About a month before Tennessee Waltz would be coming off the press, I was
notified that the U.S. Supreme Court had denied my appeal. Then the District
Judge ordered me to surrender myself to Atlanta Federal Prison Camp on or
before April 10, 1987. A friend happened to say, “You know, if your previous
writings brought about the tax prosecution, think what Tennessee Waltz might
provoke them to, with you in custody….”
And so, when the moment came for me to pass through the Prison Camp gates,
something got in the way. I can only call it a spirit, an irresistible spirit.
It was the same spirit that had directed me to stand on the truth in my writing
and speaking. It was the same spirit that had led me to interrogate John
MacCoon at our first encounter in that marble hallway back in 1984, the same
spirit that had moved him to tell me he was a Jesuit. This spirit turned me
away from the prison gate and led me into a fugitive lifestyle.

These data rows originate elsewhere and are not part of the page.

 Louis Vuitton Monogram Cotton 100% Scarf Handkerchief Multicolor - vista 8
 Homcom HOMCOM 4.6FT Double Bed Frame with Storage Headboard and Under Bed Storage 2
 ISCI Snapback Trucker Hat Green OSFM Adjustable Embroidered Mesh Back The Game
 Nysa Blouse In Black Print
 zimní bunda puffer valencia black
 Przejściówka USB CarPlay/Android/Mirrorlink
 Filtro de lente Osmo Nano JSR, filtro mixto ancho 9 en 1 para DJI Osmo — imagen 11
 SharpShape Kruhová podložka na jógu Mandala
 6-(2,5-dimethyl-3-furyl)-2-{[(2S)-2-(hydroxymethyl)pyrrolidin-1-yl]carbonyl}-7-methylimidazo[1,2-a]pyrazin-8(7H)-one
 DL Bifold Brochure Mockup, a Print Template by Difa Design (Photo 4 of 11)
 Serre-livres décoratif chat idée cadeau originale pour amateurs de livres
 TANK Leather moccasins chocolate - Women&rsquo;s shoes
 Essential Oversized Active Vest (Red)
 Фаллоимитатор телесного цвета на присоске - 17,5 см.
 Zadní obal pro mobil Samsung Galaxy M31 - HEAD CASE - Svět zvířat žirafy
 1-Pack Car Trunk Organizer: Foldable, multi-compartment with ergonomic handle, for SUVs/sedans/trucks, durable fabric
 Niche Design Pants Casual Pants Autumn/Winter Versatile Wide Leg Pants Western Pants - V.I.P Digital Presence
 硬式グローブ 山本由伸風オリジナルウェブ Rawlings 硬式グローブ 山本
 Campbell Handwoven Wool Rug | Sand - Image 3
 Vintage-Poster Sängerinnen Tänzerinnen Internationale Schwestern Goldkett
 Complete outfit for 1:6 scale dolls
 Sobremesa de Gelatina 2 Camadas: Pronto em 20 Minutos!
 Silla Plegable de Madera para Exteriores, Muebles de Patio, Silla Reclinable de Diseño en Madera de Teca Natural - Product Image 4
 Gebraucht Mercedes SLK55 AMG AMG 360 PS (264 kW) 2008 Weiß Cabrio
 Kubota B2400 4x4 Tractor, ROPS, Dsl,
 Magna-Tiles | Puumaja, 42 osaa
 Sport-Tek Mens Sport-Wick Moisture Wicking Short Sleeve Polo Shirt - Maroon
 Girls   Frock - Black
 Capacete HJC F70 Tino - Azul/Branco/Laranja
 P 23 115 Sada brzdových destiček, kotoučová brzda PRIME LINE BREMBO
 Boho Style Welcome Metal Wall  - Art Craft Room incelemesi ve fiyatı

I felt an overwhelming obligation to love my enemies by studying them in
intricate detail. I wanted to know the extent of Jesuit involvement in United
States government, presently and historically. What I discovered was a vast
Roman Catholic substratum to American history, especially the Revolution that
produced the constitutional republic. I found that Jesuits played eminent and
under-appreciated roles in moving the complacent New Englanders to rebel
against their mother country. I discovered facts and motives strongly
suggesting that events that made Great Britain divide in 1776 were the
outworkings of an ingenious Jesuit strategy. This strategy appears to have been
single-handedly designed and supervised by a true founding father few Americans
have ever heard of – Lorenzo Ricci (known to British Jesuits as Laurence
Richey). In fact, investigating Jesuit involvement in the formation of the
United States turned up a whole host of hitherto little- known names, such as
Robert Bellarmine, Joseph Amiot, the Dukes of Norfolk, Daniel Coxe, Sun-Tzu,
Lord Bute, Francis Thorpe, Nikolaus von Hontheim, and the Carrolls, Daniel,
Charles, and John. In their way, these men were as essential to our
constitutional origins as Jefferson, Paine, Adams, Washington, Locke, and
George III.
My investigation began in 1987. It coursed ten years, and ranged – with the
help of our Lord and many courageous friends, to whom this book is dedicated –
from the Florida Keys to Puget Sound, from the District of Columbia to southern
California. The mounting evidence inexorably changed the way I perceived
constituted authority, and my relationship to it. Finally, on the thirteenth
minute of the thirteenth hour of the thirteenth day of November, 1997, the
journey that had begun with the filing of charges against me thirteen years
earlier reached its destination. I was captured without violence by three U.S.
Marshals outside my office on the canals in Venice, California. A valuable
personhood I was prepared to deny forever was given back to me. For sixteen
months, the Bureau of Prisons afforded me the opportunity to discuss the fruits
of my investigation with intelligent prisoners in California, Georgia,
Tennessee, Oklahoma, and Mississippi. Their straightforward questions,
comments, insights, and criticisms helped further prepare my manuscript for a
general audience.
Now that my liberties are fully restored, I am able finally to relate my
findings to you in my own true voice, tried in adversity, seasoned by time.